Saben que perderían todo lo invertido en blindajes, pactos y complicidades y prefieren seguir apostando fichas a un rey tambaleante, aunque cada jugada los acerque más al mate. Jerí no es un rey fuerte ni un estratega: es un peón disfrazado de rey, un títere que ocupa palacio solo porque otros lo sostienen. Su función no es gobernar, sino resistir lo suficiente para que el pacto congresal siga respirando.
Pero cada escándalo lo convierte en pieza sacrificable, y su permanencia ya no protege a nadie: expone a todos. Mientras Keiko se aferra a Jerí, otros jugadores marcan distancia porque su cercanía quema. López Aliaga lo critica por sus excesos, pero no por principios, lo hace por conveniencia, buscando proteger a su cuestionada candidata al senado, protagonista del escándalo de la exposición de niñas violadas y despejar el tablero para que ese lastre no arrastre su campaña. Acuña, fiel a su estilo contradictorio, primero aseguró que la vacancia “ya estaba tomada” y luego, entre lamentos, dijo que tenía “mala suerte” porque Jerí no le hizo caso y no renunció, como si la política fuera un juego de azar y no de responsabilidad. Sus contradicciones lo exponen como un jugador atolondrado que mueve piezas sin saber qué partida está jugando.
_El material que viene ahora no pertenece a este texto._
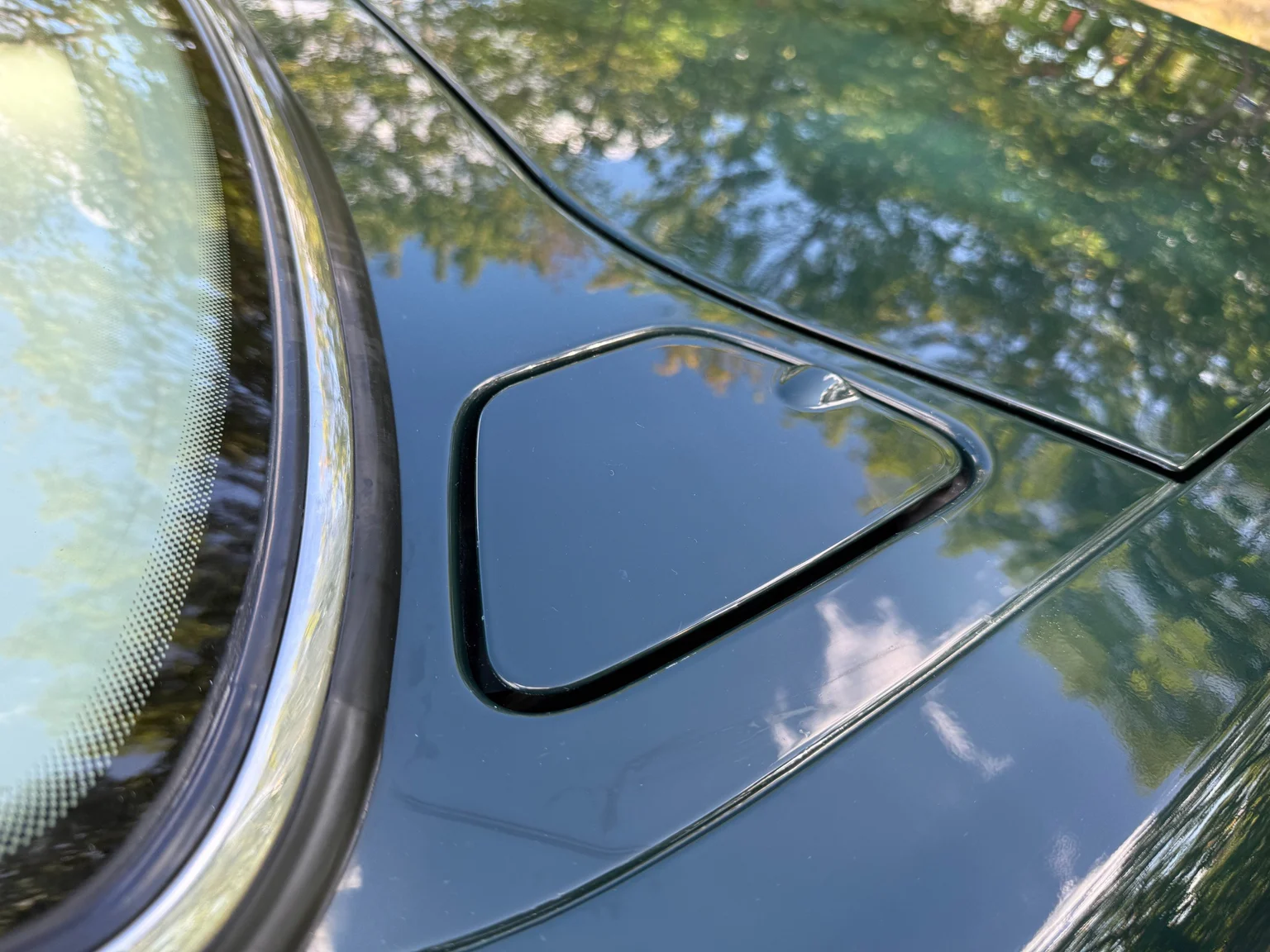 Exteriörbild på 2001 Jaguar XJ Sovereign 4.0 V8 (40)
En medio del fragor, se vocea a María del Carmen Alva, José María Balcázar y hasta Edwin Martínez que se auto propuso con entusiasmo para suceder a Jerí. Todos se venden como capaces, pero sus antecedentes los delatan como piezas dudosas del tablero. Su desesperación por el sillón presidencial revela más cálculo que solvencia, más ansias de poder que verdadera autoridad moral. Al mismo tiempo, sectores del Congreso y de la prensa alineada al pacto congresal se dedican a satanizar a figuras que no se someterían a ser nuevas marionetas de la señora K.
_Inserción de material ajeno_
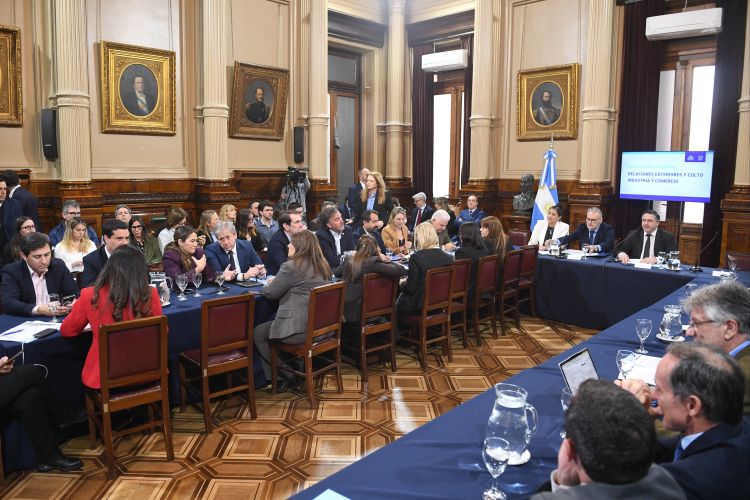 Celeste Salguero/Comunicacin Senado.-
La estrategia es clara: desacreditar a quienes podrían representar un quiebre en la lógica del blindaje y la impunidad. El Congreso ya ha convocado un pleno extraordinario para debatir las mociones de censura. Si Fuerza Popular insiste en blindar a Jerí, se convertirá en su propio verdugo: la poca credibilidad que le queda se irá por el tacho, y quedará marcado como el partido que prefirió sostener la impunidad antes que rescatar la dignidad nacional. La advertencia es clara: persistir en el blindaje significa cavar la tumba política no solo del fujimorismo, sino de todos los que se alineen en esa defensa. Cada voto que proteja a Jerí quedará inscrito como el pacto de la vergüenza. El blindaje no es un salvavidas, es una lápida compartida. Y quienes insistan en sostenerlo, terminarán hundidos en el mismo fango de descrédito. La ciudadanía ya identificó a los cómplices. El tablero está cerrado.
El rey está acorralado. Y el jaque mate es inevitable.